All well and good, but I do still have reservations about the scheme.
The first one is: what do these people do with the information? Do they all immediately leave their partners, or do they try to ‘work through the problem’, perhaps discussing the issue? Either way, they will be in a situation of great risk.
Leaving an abuser is not necessarily as easy as it may sound. They may well react violently to the relationship being ended, and may try to follow their victim, wherever they try to go.
Staying with the abuser is obviously even more risky: they may well take exception to their violent past being raised, possibly denying that it ever happened. The whole issue of domestic violence is often a matter of control, and if the abuser feels that their partner is trying to wrest control from them they may again react violently.
Clearly, anyone who receives information about their partner’s history of domestic violence will need proper help and assistance. I suspect, however, that the level of such help and assistance will vary from one area to the next.
Then there is the problem of all those applications that did not result in a disclosure. Obviously, anyone who makes an application must have some suspicions or concerns about their partner’s behaviour. As I said in my previous post, a negative result may lead to a false sense of security (many abusers will not have police records anyway). Perhaps that person’s ‘gut feeling’ which led them to make the application was right. If they had followed that gut feeling they may have ended the relationship, but the negative result may make them feel confident that they can stay.
In my previous post I also expressed doubts as to how many people at the start of a new relationship with someone that they are obviously fond of were going to stop and check if that person has a history of domestic violence. Obviously, that doubt still applies, although the figures suggest that the scheme is taking off and that the number of people who are aware of it is increasing.

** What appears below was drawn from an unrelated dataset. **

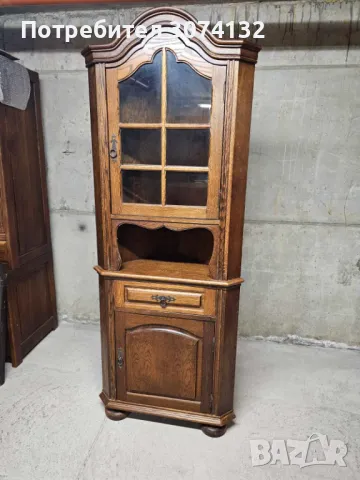 Масивна витрина за ъгъл (материал орех) 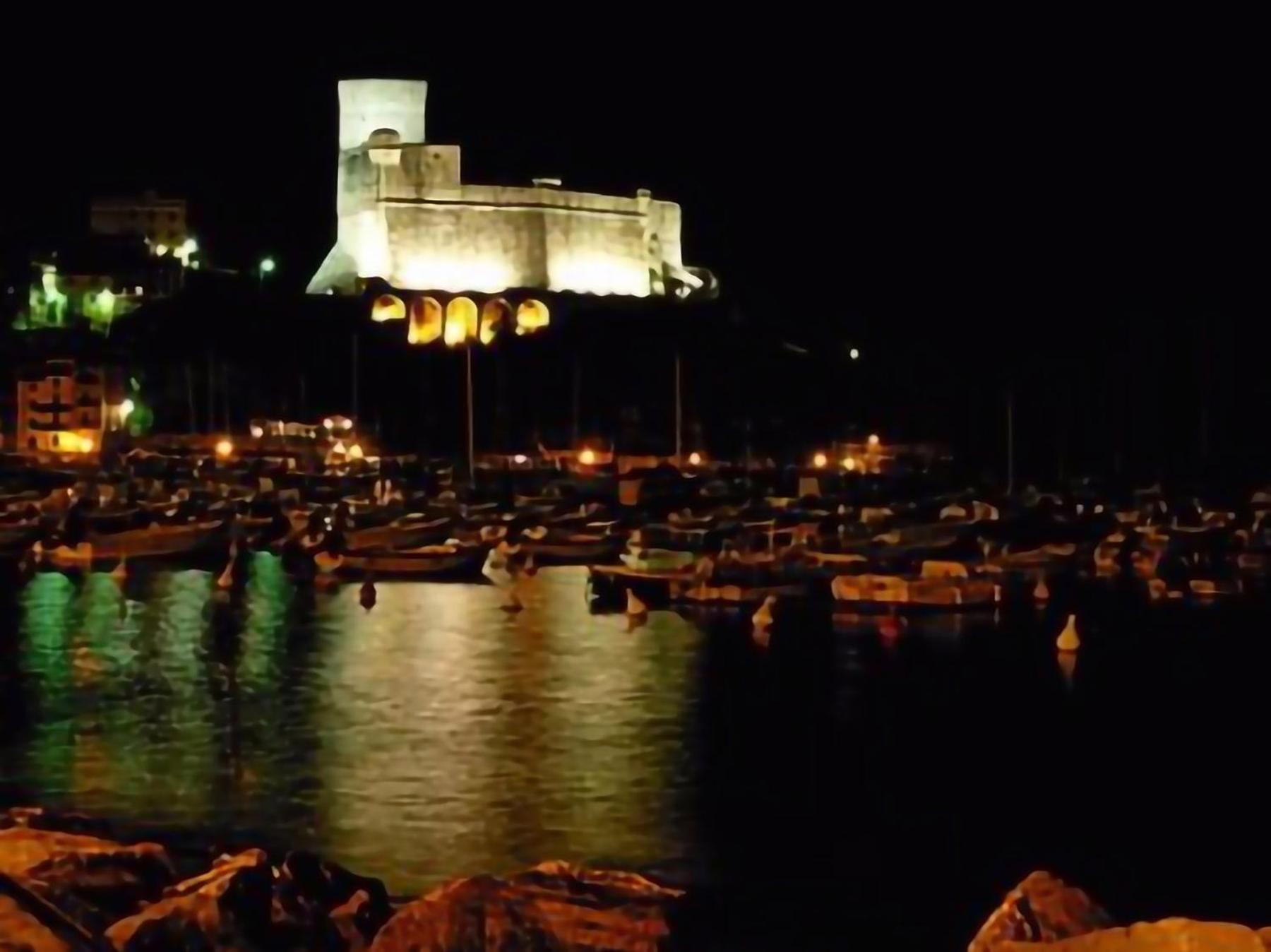 Affittacamere "In Piazzetta Da Vasco" Lerici Zewnętrze zdjęcie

That, however, leads to another problem. The scheme does not just enable people to apply for information; it also enables the police to warn potential victims who do not apply, under the so-called “right to know”. If this becomes common knowledge, will people simply rely upon the police letting them know if their partner has a history of domestic violence, without bothering to check themselves? Obviously, the police may not do so – they may well be unaware of the abuser’s new relationship in any event.
It seems that Clare’s Law is here to stay, and if it stops just one person from becoming a victim of domestic violence, then that is of course a good thing. It does, however, have its limitations, and those must be understood by anyone using it or seeking to rely upon it.